Viewing polar bears in the wild sits atop many bucket lists, though there are only a few places in the world to do so. Churchill is a hot spot due to its proximity to the bears’ natural habitat, and companies such as Frontiers North Adventures take guests out safely in their state-of-the-art tundra buggies, led by a knowledgeable guide.
Every year when the ice melts—typically between July and November—the 850 year-round Churchill residents co-exist with their massive and wild 1,000-pound visitors. Polar bears roam the tundra (and sometimes the town’s streets) while they wait for the ice to form once again so they can hunt for seals.
When I visit, the weather is turning colder rapidly and ice is already starting to form; I’m hopeful I’ll get to feast my eyes on the “lords of the Arctic” before they all hit the ice, hungry from months of waiting. There are no guarantees in nature, but the two days I spend out on the tundra are even better than I could have imagined.
The “polar bear jail” is one of the first things I see between landing at the airport and arriving in the small town of Churchill. The old military Jeep garage serves as a holding spot for polar bears who meander into town. To keep the community and the bears safe, the stragglers are typically relocated, or released at the end of the season to head out on the ice. The building artwork is by SeaWalls Project, curated by Canadian artist Kal Barteski, with other works adorning buildings throughout Churchill.
Another interesting site to visit just outside of town is the Miss Piggy plane wreck, a cargo flight that crashed in 1979. The pilots survived and the wreckage has since become a unique tourist attraction as well as a canvas for graffiti-style artwork.
Near the Hudson Bay shoreline on the edge of town, polar bear safety signs detail the phone number to call for a bear sighting in order to alert residents and keep the community out of harm’s way.
The massive tundra buggies are built for traversing the rugged terrain and offer heat, bathroom facilities, and a back deck and sliding windows to facilitate photo ops. Lunch is served on board and if you’re lucky, you’ll be tucking into a bowl of warm soup while you catch a glimpse of polar bears napping.
The back deck of the tundra buggy is a favorite spot for photographers to capture amazing shots of polar bears both near and far. Sometimes, the curious creatures even make their way up close to the buggies and you can marvel at them from a safe height.
Polar bears are certainly the star of the show in Churchill, but other wildlife, including Arctic foxes, ptarmigans, Arctic and snowshoe hares, and snowy owls (just to name a few), may make an appearance as well.
Polar bears are massive; they can be as tall as 10 feet and weigh more than 1,200 pounds. This curious bear approached another buggy in front of us, stretching its long neck in an effort to check us out.
Binoculars will help you spot the nearly camouflaged wildlife of the tundra.

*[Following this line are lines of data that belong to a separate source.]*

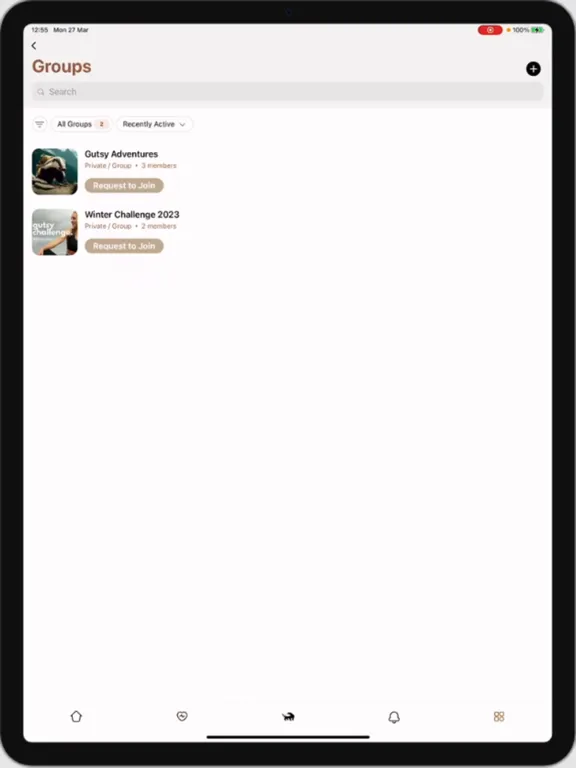 Capturas de pantalla de Gutsy iPad 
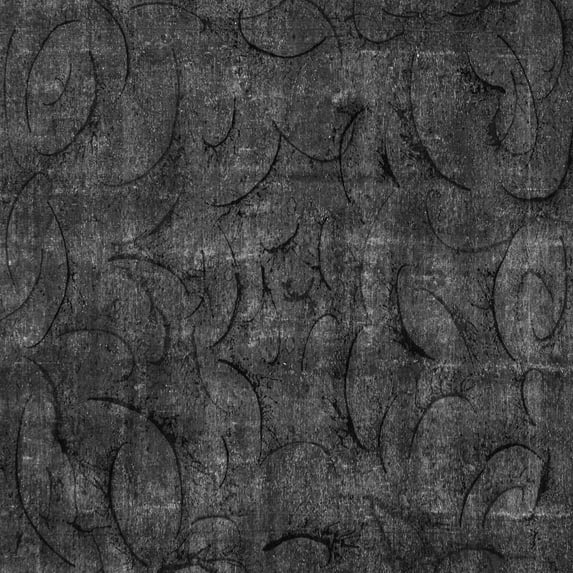 Ahgly Company Indoor Square Abstract Gray Modern Area Rugs, 5' Square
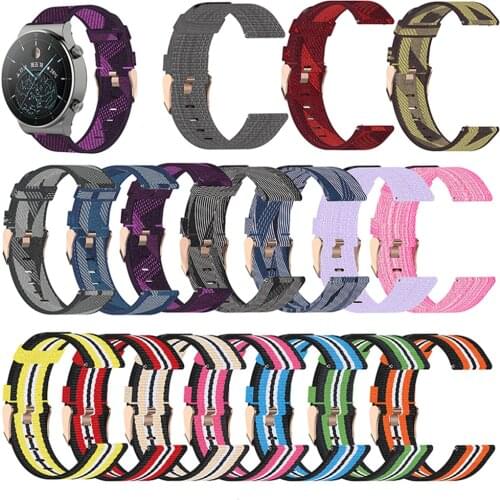 Replacement 22MM Nylon Watch Band Wristwatch Band Strap Bracelet Belt for Huawei Watch GT2 PRO Accessories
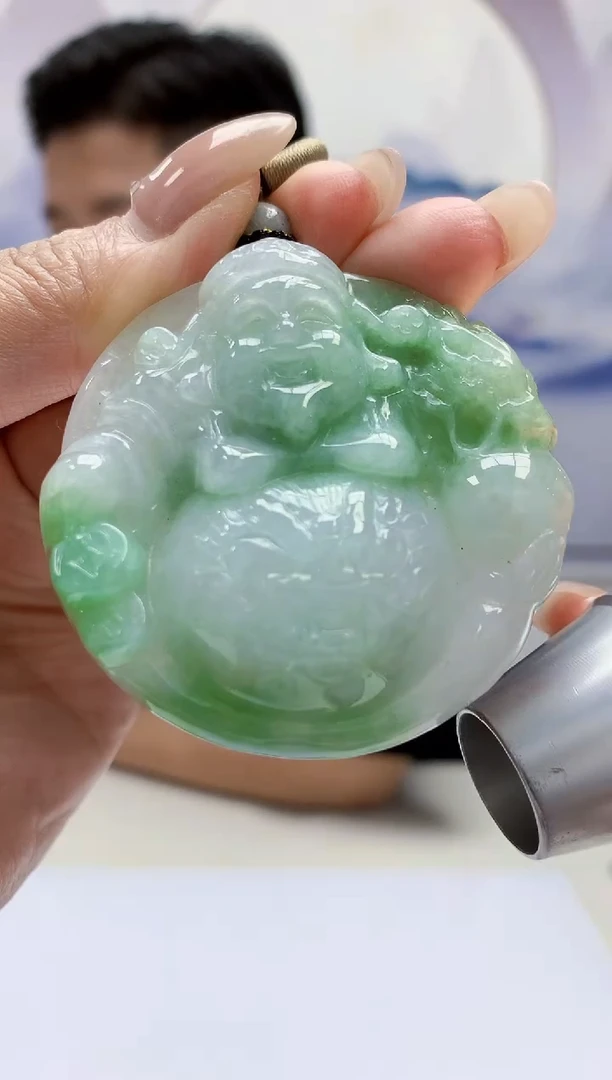 定制翡翠未镶嵌4917MM-毛货挂件67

While looking for polars bears and other Arctic animals, you’ll have the opportunity to hear stories and information about the area and the wildlife that call it home.
Polar bears have unique personalities, which we got to observe first-hand. We saw them wrestle, roll around, shake snow off, make a bedding area, and even comically stretch with their heads in the snow.
A polar bear mom and cub sighting is a real treat and feels like hitting the wildlife-viewing jackpot. These two were sleeping when mom spotted two males approaching, causing them to quickly scurry off in the opposite direction.